■ Requirement:
In the listing below, locate the line with "193t デザインTシャツ [注意]」フロントデザイン。(c)諫山創／講談社" and the line with "Used 2022 Kia", then output both and everything between them exactly, minus any pictures.
╭─ Data excerpts
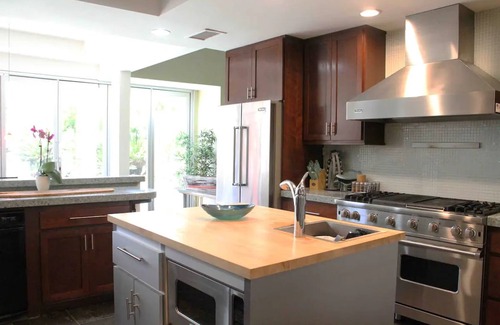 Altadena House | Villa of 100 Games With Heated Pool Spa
╰─
╭─ Data excerpts
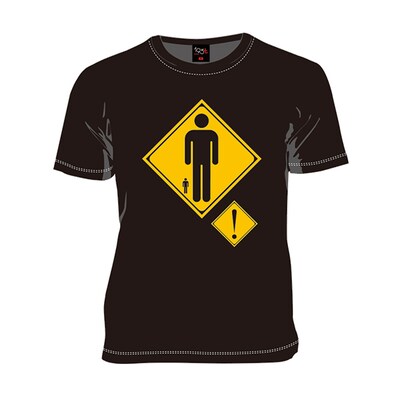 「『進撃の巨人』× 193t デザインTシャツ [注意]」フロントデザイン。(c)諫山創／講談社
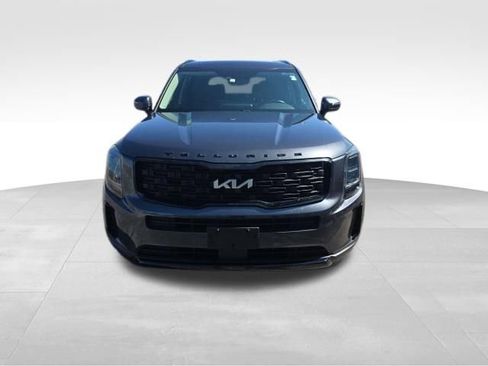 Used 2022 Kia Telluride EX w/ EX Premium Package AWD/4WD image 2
╰─
╭─ Data excerpts
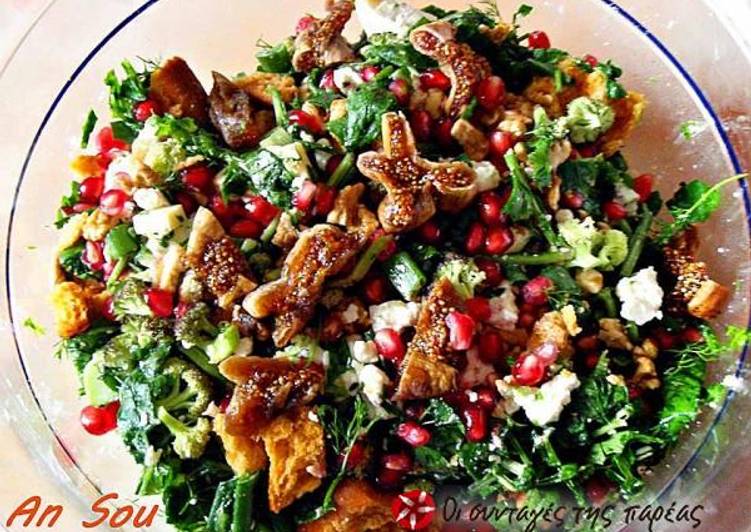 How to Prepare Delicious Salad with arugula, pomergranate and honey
╰─
■ Solution to the exercise:
 「『進撃の巨人』× 193t デザインTシャツ [注意]」フロントデザイン。(c)諫山創／講談社
 Used 2022 Kia Telluride EX w/ EX Premium Package AWD/4WD image 2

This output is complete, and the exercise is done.